» **EXERCISE**:
Would you please output, word for word, the span of the listing below that opens on the line containing "The Lord Bless You & Keep You Card" and closes on the line containing "Pegasus Color Illustration"? Include both ends and nothing more.

» **MATERIAL TO PROCESS**:
[Start of section]

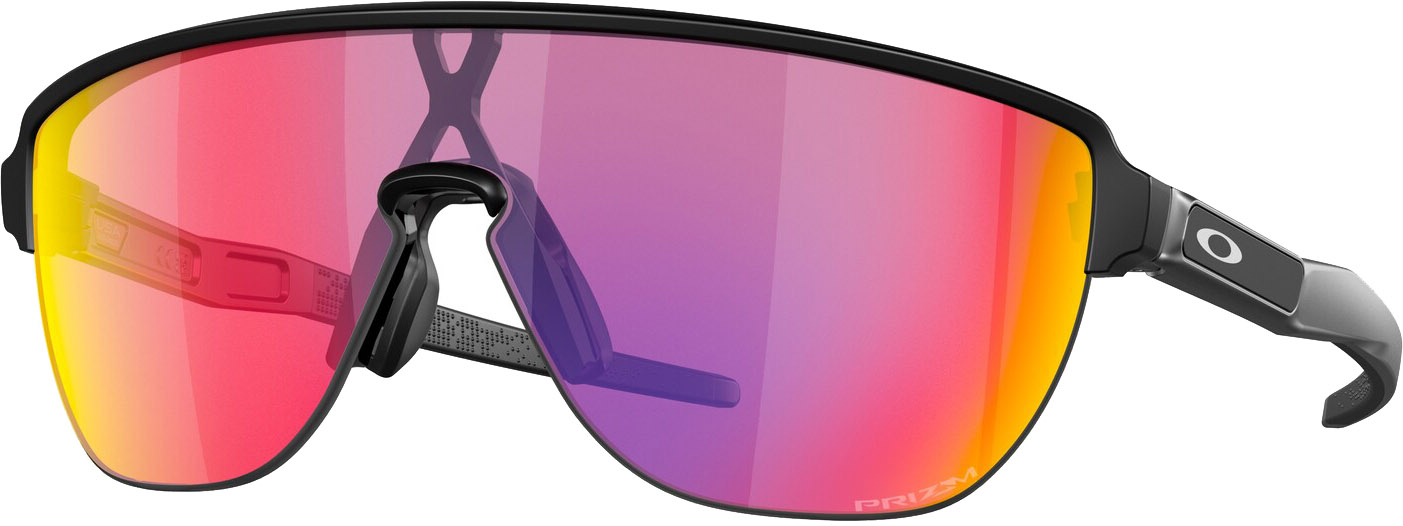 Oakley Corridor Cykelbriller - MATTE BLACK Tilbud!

[End of section]
[Start of section]

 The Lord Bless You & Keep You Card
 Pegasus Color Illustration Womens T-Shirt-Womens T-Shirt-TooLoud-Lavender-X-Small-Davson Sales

[End of section]

» **REPLY TO THE TASK**:
 The Lord Bless You & Keep You Card
 Pegasus Color Illustration Womens T-Shirt-Womens T-Shirt-TooLoud-Lavender-X-Small-Davson Sales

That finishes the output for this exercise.